In response to this challenge, we should reject impulsive responses in favor of what works. Recycling campaign chants of “extreme vetting” and pulling the plug on the Diversity Immigrant Visa Program which reportedly allowed Saipov entry in 2010, is a distraction; he reportedly was radicalized years after he entered the United States. To be clear, we should support strong and thorough vetting for anyone who wants to enjoy the rights and benefits of this country. Such vetting, regardless of specific program, should be refined based on threat intelligence. This is why following the Paris attacks in 2015, DHS strengthened the visa waiver program to respond to the threat from foreign fighter returnees who may have traveled to join the Islamic State in Syria and Iraq but held European passports eligible for visa-free travel to the United States. The future of the Diversity Immigrant Visa Program might be a reasonable topic for debate, but based on what we know now is in no way related to the tragedy on the West Side Highway.

Rather than creating distractions and issuing blanket travel bans, our vetting process should respond to the actual threats we face. We should be building trust in communities we need to identify future threats, not alienating and marginalizing them. Let’s focus on working with social media companies to stop abuse of their platforms. Let’s work to strengthen relationships with our international security partners.

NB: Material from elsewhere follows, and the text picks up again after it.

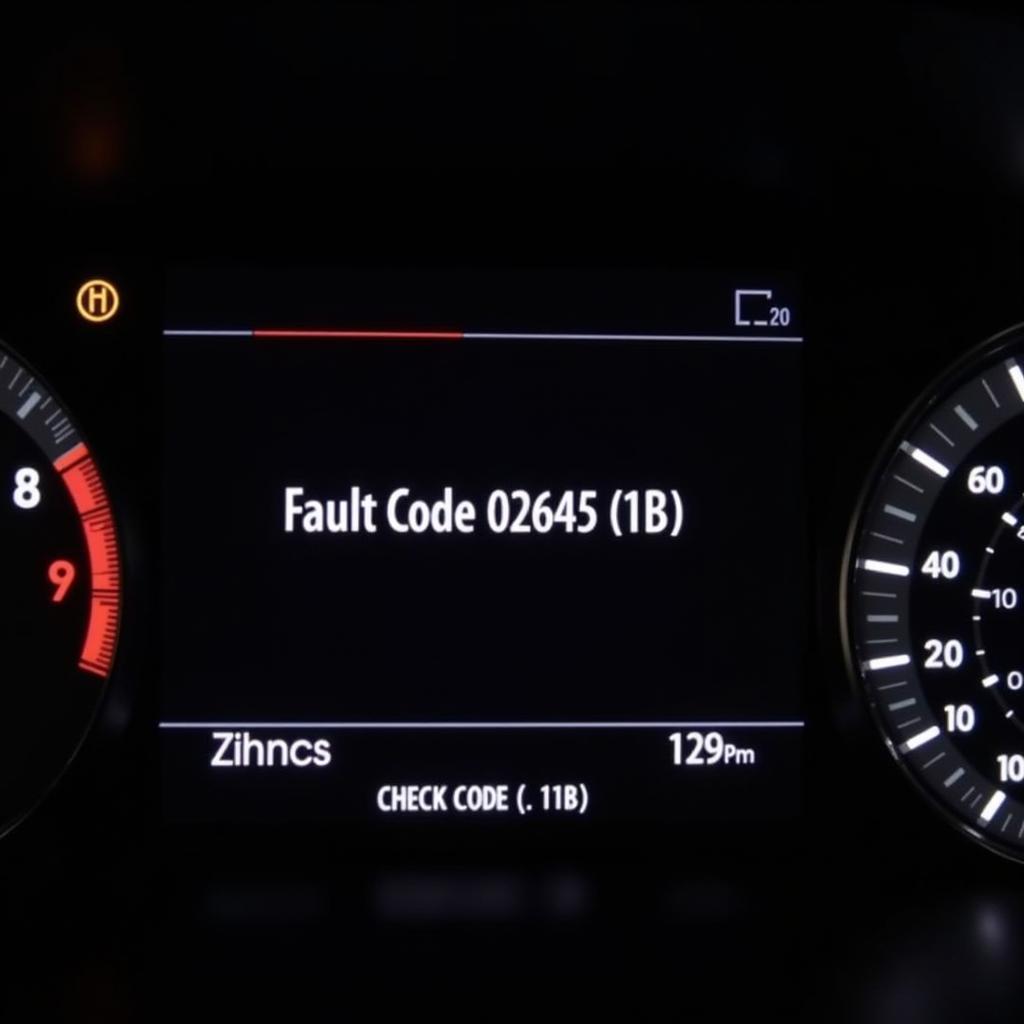 Audi Q7 Dashboard Displaying Fault Code 02645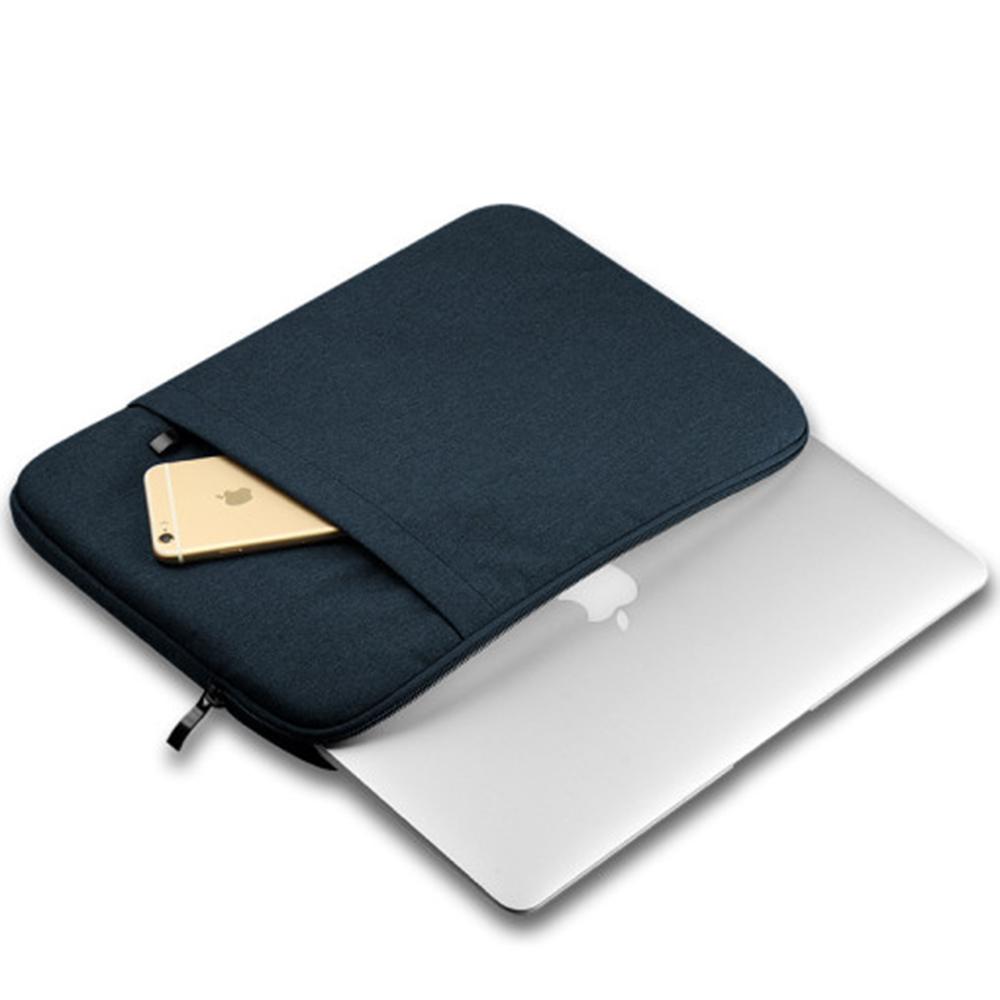 FLUX  laptop pouch slim canvas for 13 inch  and 15 inch  (gray, navy)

Sixteen years after 9/11, we face a different type of threat. In response, we should emulate the best we’ve seen from this country. We should model resilience and support, and we should reject politics in favor of pragmatism. We must summon the best in our communities, in our government and politics, and rely on that which makes us different from every other country in the world: the rule of law and our justice system. Anything less allows terrorists to divide us.

Lisa Monaco served as assistant to the president for Homeland Security and Counterterrorism from 2013 to 2017.